One of the study’s limitations was that it relied solely on participant-reported dietary data, which could be influenced by memory or recollection and might not accurately represent regular eating patterns. The analysis excluded variables that might also impact health but were not related to the amount of food consumed daily or the reason for death.

The authors pointed out that future studies might investigate the biological mechanisms underlying the links between a time-restricted eating schedule and poor cardiovascular outcomes and whether these findings hold for individuals living in different parts of the world.

“This study suggests that time-restricted eating may have short-term benefits but long-term adverse effects. When the study is presented in its entirety, it will be interesting and helpful to learn more of the details of the analysis,” said Christopher D. Gardner, Ph.D., FAHA, the Rehnborg Farquhar Professor of Medicine at Stanford University in Stanford, California, and chair of the writing committee for the Association’s 2023 scientific statement, Popular Dietary Patterns: Alignment with American Heart Association 2021 Dietary Guidance.
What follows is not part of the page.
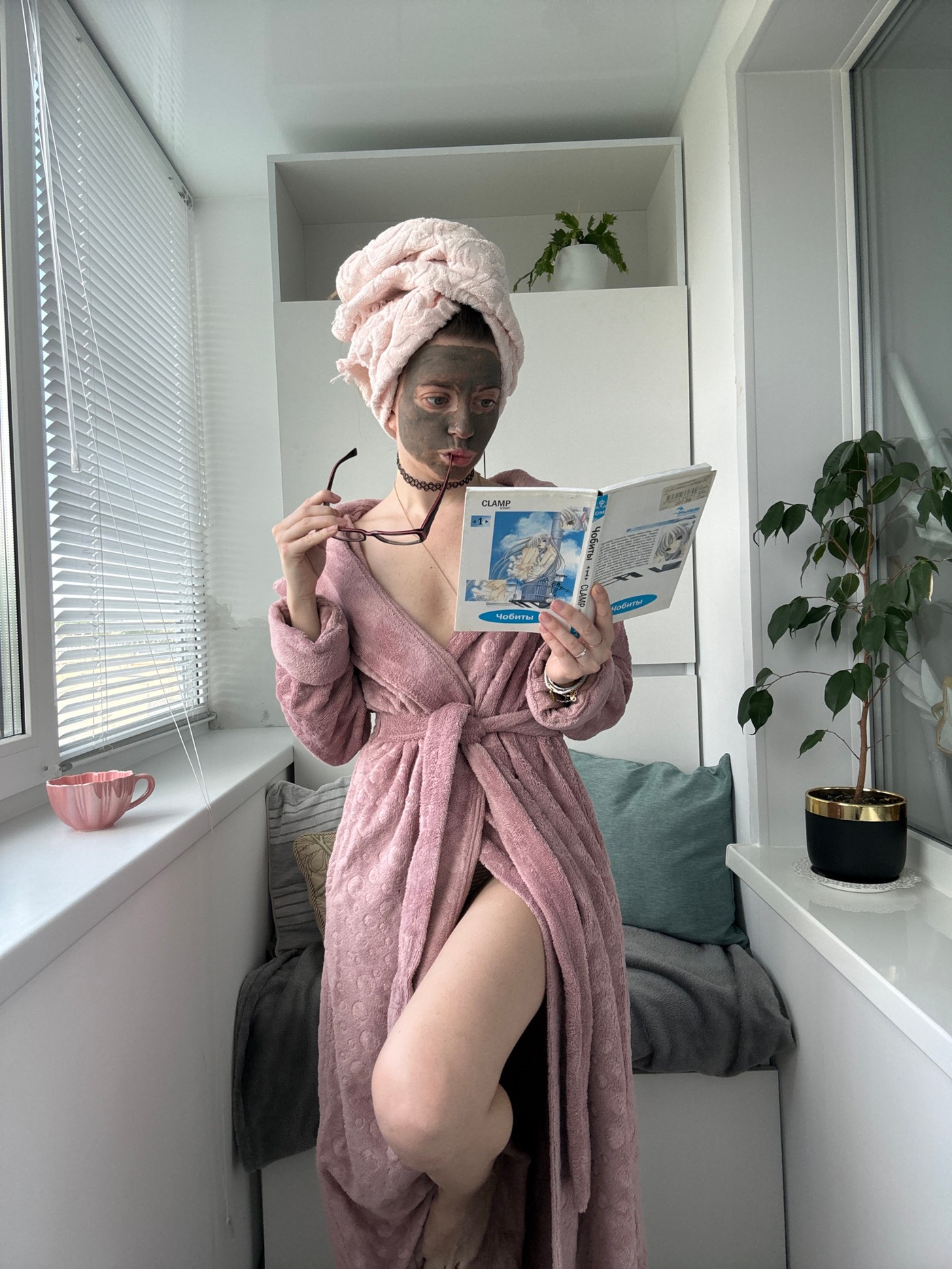 Morning skincare routine captured in a cozy #GRWM moment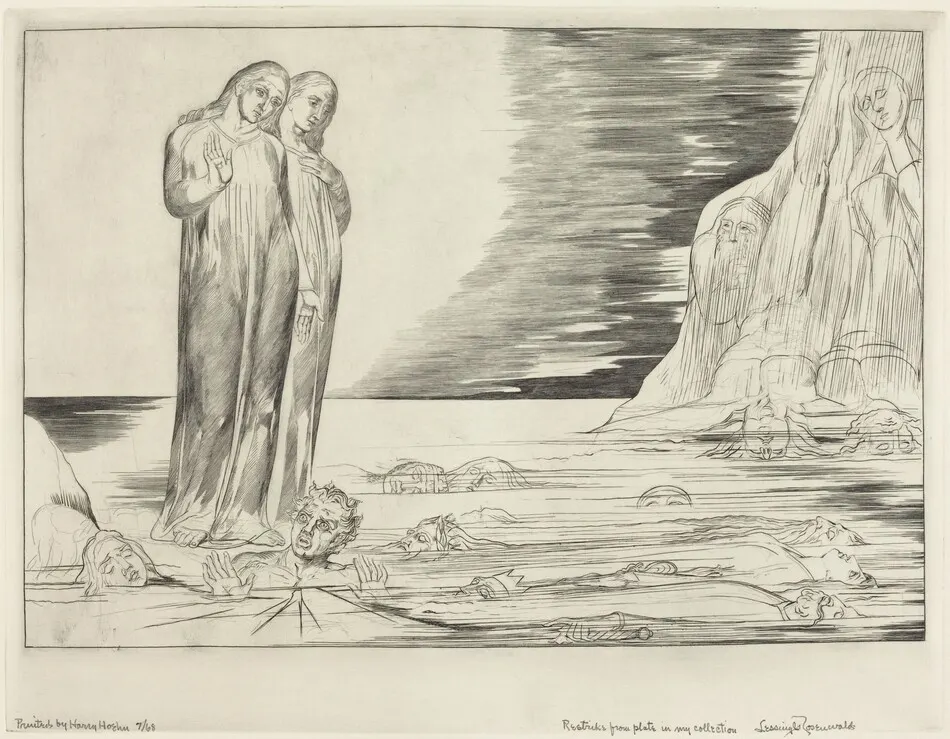 The Circle of the Traitors; Dante's Foot Striking Bocca degli Abbate by William Blake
“One of those details involves the nutrient quality of the diets typical of the different subsets of participants. With this information, it can be determined if nutrient density might be an alternate explanation to the current findings on the time window for eating. Second, it needs to be emphasized that categorization into the different windows of time-restricted eating was determined on the basis of just two days of dietary intake.”